Professor (CHS) - Director of Transfusion Services
1685 Highland Ave
Madison, WI 53705
- (608) 265-7000 #1246
- 3148 MFCB
Microvascular thrombosis disorders; genetics of the RBC storage lesion
Research Details: A major focus of my research involves pathogenic mechanisms and treatment of microvascular thrombosis syndromes. The major forms of these rare but devastating diseases include thrombotic thrombocytopenic purpura (TTP), Shiga-toxin associated hemolytic uremic syndrome (HUS), and atypical HUS. In the past decade, major advances in the understanding of these disease entities have allowed investigators to better distinguish between these disorders and to more specifically tailor therapy. It is now understood that TTP is caused by deficiency of the blood metalloprotease ADAMTS13, which causes disordered regulation of platelet-von Willebrand factor (VWF) interactions and spontaneous microvascular thrombosis. At the BloodCenter of Wisconsin, we developed one of the first commercially applied assays for ADAMTS13 and characterized a large historical population of microvascular thrombosis patients. Later work conducted at the University of Iowa identified several proteases in leukocytes that cleave VWF in a manner very similar to ADAMTS13. These findings suggested a possible alternative proteolytic mechanism for regulating platelet-VWF interactions.

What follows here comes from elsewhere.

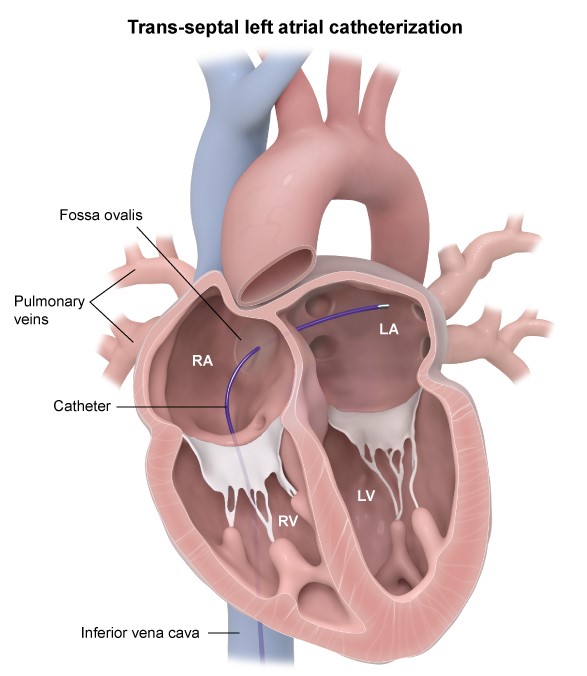 B   A <strong>venous catheter</strong> traveling from the femoral vein to the heart passes through the iliac vein and inferior vena cava to reach the <strong>right atrium</strong>.  Once in the right atrium, structures within the right side of the heart and the pulmonary arteries are readily accessible.  However, because the pulmonary capillaries are far too small to pass through, the left side of the heart must be accessed by <strong>traversing the interatrial septum</strong>.  The interatrial septum is traversed at the site of the <strong>foramen ovale</strong>, which in adults is typically covered by a thin membrane of fibrous tissue that can be easily punctured. Entry into the <strong>left atrium</strong> allows for direct measurement of left atrial pressure (rather than an estimate via pulmonary capillary wedge pressure) and for access to arrhythmogenic foci that may be located on the left atrial myocardium or the pulmonary veins.  Following the procedure, the small atrial septal defect created by the catheter typically closes spontaneously. <strong>(Choice A)</strong>  Arterial catheterization of the left side of the heart typically starts in the femoral or radial artery and proceeds to the ascending aorta where pressure can be measured or dye can be placed into the coronary arteries to visualize atherosclerotic obstruction (ie, coronary angiography).  In addition, the aortic valve may be crossed to measure left ventricular pressure.  However, retrograde crossing of the structurally complex mitral valve is highly difficult, and the left atrium is not accessed via this route. <strong>(Choice C)</strong>  The interventricular septum is not traversed during heart catheterization because the myocardium is thick and difficult to puncture, and high left ventricular pressure would likely prevent spontaneous closure of the ventricular septal defect that is created. <strong>(Choices D and E)</strong>  The tricuspid valve is crossed during venous catherization to access the right ventricle, and the pulmonic valve is subsequently crossed to access the pulmonary arteries.  However, because the catheter cannot pass through the pulmonary capillaries, the left atrium cannot be accessed via this route. <strong>Educational objective:</strong> To access the left side of the heart, cardiac venous catheters must cross the interatrial septum at the site of the foramen ovale.  Entry into the left atrium allows for direct measurement of left atrial pressure and for access to arrhythmogenic foci on the left atrial myocardium or pulmonary veins. __________ References: Emerging applications for transseptal left heart catheterization old techniques for new procedures. (http://www.ncbi.nlm.nih.gov/pubmed/18510957)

In another line of investigation, we hypothesized that Shiga-toxin associated HUS results from a thrombin-driven mechanism. To investigate this hypothesis we conducted a series of animal studies in which direct thrombin inhibitors were shown to prevent Shiga toxin HUS manifestations. These studies supported the hypothesis that Shiga toxin HUS results from thrombin generation, and suggested a possible avenue of therapeutic intervention using thrombin inhibition.
A more recent research interest is in genetic mechanisms of the red blood cell (RBC) storage lesion. The RBC storage lesion comprises a complex array of degenerative changes that occur during RBC storage. The RBC storage lesion significantly reduces in vivo recovery of transfused RBCs and is increasingly implicated in numerous adverse effects. Our collaborative group was motivated by historical studies of RBC storage showing that concentrations of adenosine triphosphate (ATP), a key molecule involved in RBC storage, are largely genetically determined. We hypothesized that this important component of the RBC storage lesion is heritable, and that the observed biological variability might be traceable to specific genetic variants. Our preliminary work utilizing classic twin studies demonstrated the heritability of ATP and many other RBC metabolites. Our current goal is to apply a combination of metabolomics and genome-wide association studies to pinpoint the principal genetic variants responsible for differences in RBC ATP levels. Identifying and understanding these genetic variants could markedly improve RBC storage methods and improve patient care.